Penelitian terhadap susunan bangunan candi dan falsafah
yang dibawanya tentunya membutuhkan waktu yang tidak sedikit, apalagi kalau
dihubung-hubungkan dengan bangunan-bangunan candi lainnya yang masih satu
rumpun. Seperti halnya antara Candi Borobudur dengan Candi Pawon dan Candi
Mendut yang secara geografis berada pada satu jalur.
MATERI CANDI BOROBUDUR
Luas bangunan Candi Borobudur 15.129 m2 yang tersusun
dari 55.000 m3 batu, dari 2 juta potongan batu-batuan. Ukuran batu rata-rata 25
cm X 10 cm X 15 cm. Panjang potongan batu secara keseluruhan 500 km dengan
berat keseluruhan batu 1,3 juta ton. Dinding-dinding Candi Borobudur
dikelilingi oleh gambar-gambar atau relief yang merupakan satu rangkaian cerita
yang terususun dalam 1.460 panel. Panjang panel masing-masing 2 meter. Jika
rangkaian relief itu dibentangkan maka kurang lebih panjang relief seluruhnya 3
km. Jumlah tingkat ada sepuluh, tingkat 1-6 berbentuk bujur sangkar, sedangkan
tingkat 7-10 berbentuk bundar. Arca yang terdapat di seluruh bangunan candi
berjumlah 504 buah. Tinggi candi dari permukaan tanah sampai ujung stupa induk
dulunya 42 meter, namun sekarang tinggal 34,5 meter setelah tersambar petir.

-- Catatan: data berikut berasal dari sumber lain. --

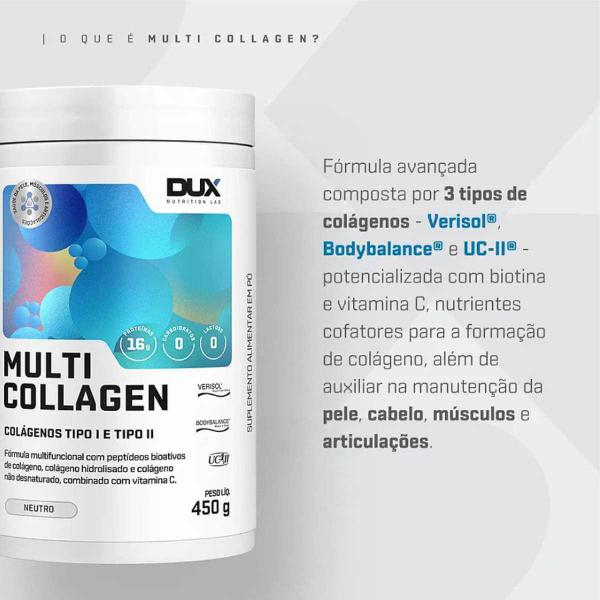 Imagem de Colágeno Tipo 1 e Tipo 2 Colágeno Hidrolisado Multi Collagen Dux Nutrition 475g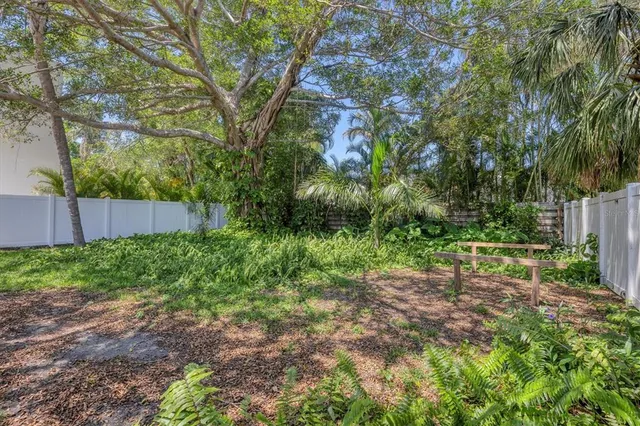 a view of backyard with green space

Menurut hasil penyelidikan seorang antropolog-etnolog
Austria, Robert von Heine Geldern, nenek moyang bangsa Indonesia sudah mengenal
tata budaya pada zaman Neolithic dan Megalithic yang berasal dari Vietnam Selatan
dan Kamboja. Pada zaman Megalithic itu nenek moyang bangsa Indonesia membuat
makam leluhurnya sekaligus tempat pemujaan berupa bangunan piramida bersusun,
semakin ke atas semakin kecil. Salah satunya yang ditemukan di Lebak Sibedug
Leuwiliang Bogor Jawa Barat. Bangunan serupa juga terdapat di Candi Sukuh di
dekat Solo, juga Candi Borobudur. Kalau kita lihat dari kejauhan, Borobudur
akan tampak seperti susunan bangunan berundak atau semacam piramida dan sebuah
stupa. Berbeda dengan piramida raksasa di Mesir dan Piramida Teotihuacan di
Meksiko Candi Borobudur merupakan versi lain bangunan piramida. Piramida
Borobudur berupa kepunden berundak yang tidak akan ditemukan di daerah dan
negara manapun, termasuk di India. Hal tersebut merupakan salah satu
kelebihan Candi Borobudur yang merupakan kekhasan arsitektur Budhis di
Indonesia.
BENTUK BANGUNAN
- Denah Candi Borobudur ukuran panjang 121,66 meter dan lebar 121,38 meter.
– Tinggi 35,40 meter.
– Susunan bangunan berupa 9 teras
berundak dan sebuah stupa induk di puncaknya. Terdiri dari 6 teras berdenah
persegi dan3 teras berdenah lingkaran.
– Pembagian vertikal secara filosofis
meliputi tingkat Kamadhatu, Rupadhatu, dan Arupadhatu.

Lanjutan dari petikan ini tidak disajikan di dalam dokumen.